Friday, July 18, 2008

Commedia Dell'Arte

Commedia dell'Arte (Italian: "play of professional artists") is a form of improvisational theatre that began in Italy in the 16th century and held its popularity through the 18th century, although it is still performed today. Performances were unscripted, held outside, and used few props. They were free to watch, funded by donations. A troupe consisted of ten people: eight men and two women. Outside Italy the form was also known as "Italian Comedy".

Conventional plot lines written on themes of adultery, jealousy, old age, and love.
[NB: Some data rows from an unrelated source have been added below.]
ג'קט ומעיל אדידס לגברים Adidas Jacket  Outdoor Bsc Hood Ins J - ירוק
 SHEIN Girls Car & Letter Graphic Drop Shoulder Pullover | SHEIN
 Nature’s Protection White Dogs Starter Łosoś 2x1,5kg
Many of the basic plot elements can be traced back to the Roman comedies of Plautus and Terence, some of which were themselves translations of lost Greek comedies of the fourth century BC. Performers made use of well-rehearsed jokes and stock physical gags, known as Lazzi and Concetti, as well as, of course, on-the-spot improvised and interpolated episodes and routines, called burle (singular burla, Italian for joke), usually involving a practical joke. Since the productions were improvised, dialogue and action could easily be changed to satirize local scandals, current events, or regional tastes, while still using old jokes and punch lines. Characters were identified by costumes, masks, and even props, such as a type of baton known as a slapstick. These characters included the forebears of the modern clown, namely Harlequin (English for arlecchino) and Zanni.

The classic, traditional plot is that the innamorati are in love and wish to be married, but one elder (vecchio) or several elders (vecchi) are stopping this from happening, leading the lovers to ask one or more zanni (eccentric servants) for help. Typically the story ends happily, with the marriage of the innamorati and forgiveness for any wrongdoings. There are countless variations on this story, as well as many that diverge wholly from the structure, such as a well-known story about Arlecchino becoming mysteriously pregnant, or the Punch and Judy scenario.